### PROMPT
List all the lines in these records that hold "crystal".

<<<<

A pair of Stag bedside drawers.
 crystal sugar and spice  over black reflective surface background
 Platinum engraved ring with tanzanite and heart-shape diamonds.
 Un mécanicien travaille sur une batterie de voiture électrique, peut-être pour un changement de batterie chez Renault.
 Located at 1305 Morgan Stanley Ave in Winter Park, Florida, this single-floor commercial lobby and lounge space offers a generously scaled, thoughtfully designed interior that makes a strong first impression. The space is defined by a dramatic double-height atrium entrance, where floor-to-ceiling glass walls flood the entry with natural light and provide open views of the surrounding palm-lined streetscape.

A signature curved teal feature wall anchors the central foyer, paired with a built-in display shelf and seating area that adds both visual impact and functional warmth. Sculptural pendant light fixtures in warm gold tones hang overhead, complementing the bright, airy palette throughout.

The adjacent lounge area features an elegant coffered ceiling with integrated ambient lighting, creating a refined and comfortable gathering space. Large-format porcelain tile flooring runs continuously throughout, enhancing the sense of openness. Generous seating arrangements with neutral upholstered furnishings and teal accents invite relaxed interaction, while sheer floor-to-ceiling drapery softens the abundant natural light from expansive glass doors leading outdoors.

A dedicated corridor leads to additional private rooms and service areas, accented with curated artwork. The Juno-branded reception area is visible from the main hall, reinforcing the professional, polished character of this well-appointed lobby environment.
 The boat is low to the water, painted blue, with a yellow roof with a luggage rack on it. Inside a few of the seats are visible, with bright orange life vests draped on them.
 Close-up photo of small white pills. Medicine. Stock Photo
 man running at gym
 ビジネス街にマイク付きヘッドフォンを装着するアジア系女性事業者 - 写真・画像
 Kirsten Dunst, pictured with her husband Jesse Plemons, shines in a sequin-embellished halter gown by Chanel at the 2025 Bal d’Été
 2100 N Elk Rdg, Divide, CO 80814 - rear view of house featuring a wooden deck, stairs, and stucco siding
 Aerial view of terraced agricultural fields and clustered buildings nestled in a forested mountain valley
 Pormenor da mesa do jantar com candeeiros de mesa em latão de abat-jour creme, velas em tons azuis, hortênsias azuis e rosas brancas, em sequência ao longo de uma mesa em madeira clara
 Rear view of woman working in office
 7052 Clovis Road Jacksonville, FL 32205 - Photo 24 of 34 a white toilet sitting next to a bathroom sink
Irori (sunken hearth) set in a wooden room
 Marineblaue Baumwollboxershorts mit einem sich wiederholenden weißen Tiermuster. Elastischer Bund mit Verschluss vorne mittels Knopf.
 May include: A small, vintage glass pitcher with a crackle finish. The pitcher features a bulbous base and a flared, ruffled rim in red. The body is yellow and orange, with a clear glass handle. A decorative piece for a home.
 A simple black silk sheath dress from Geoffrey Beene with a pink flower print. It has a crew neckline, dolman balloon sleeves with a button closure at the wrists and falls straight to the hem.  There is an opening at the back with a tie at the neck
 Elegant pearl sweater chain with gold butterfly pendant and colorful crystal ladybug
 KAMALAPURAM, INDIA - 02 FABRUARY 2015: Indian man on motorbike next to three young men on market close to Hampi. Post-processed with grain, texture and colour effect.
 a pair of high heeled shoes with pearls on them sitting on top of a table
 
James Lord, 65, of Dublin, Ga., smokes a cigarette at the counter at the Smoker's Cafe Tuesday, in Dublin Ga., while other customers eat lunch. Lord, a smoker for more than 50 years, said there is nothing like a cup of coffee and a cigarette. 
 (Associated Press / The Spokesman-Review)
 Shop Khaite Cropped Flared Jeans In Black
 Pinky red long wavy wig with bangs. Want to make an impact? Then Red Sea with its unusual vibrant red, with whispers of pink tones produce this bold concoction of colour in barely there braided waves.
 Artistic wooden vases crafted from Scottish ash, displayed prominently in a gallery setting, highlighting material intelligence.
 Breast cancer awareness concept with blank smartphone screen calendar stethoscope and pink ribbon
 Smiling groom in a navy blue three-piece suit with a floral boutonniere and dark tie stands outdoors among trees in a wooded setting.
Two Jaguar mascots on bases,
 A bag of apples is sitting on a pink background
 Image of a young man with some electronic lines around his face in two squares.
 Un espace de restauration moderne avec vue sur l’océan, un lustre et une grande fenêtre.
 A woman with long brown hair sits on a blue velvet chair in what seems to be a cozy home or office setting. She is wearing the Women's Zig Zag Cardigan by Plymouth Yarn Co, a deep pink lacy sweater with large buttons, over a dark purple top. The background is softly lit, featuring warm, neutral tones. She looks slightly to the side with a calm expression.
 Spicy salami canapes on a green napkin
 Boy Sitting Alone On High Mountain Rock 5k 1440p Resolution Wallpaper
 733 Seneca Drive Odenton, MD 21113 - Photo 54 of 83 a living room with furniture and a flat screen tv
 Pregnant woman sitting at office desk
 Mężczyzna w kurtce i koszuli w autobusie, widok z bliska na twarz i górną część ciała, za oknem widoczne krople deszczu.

>>>>

### ANSWER BELOW
 crystal sugar and spice  over black reflective surface background
 Elegant pearl sweater chain with gold butterfly pendant and colorful crystal ladybug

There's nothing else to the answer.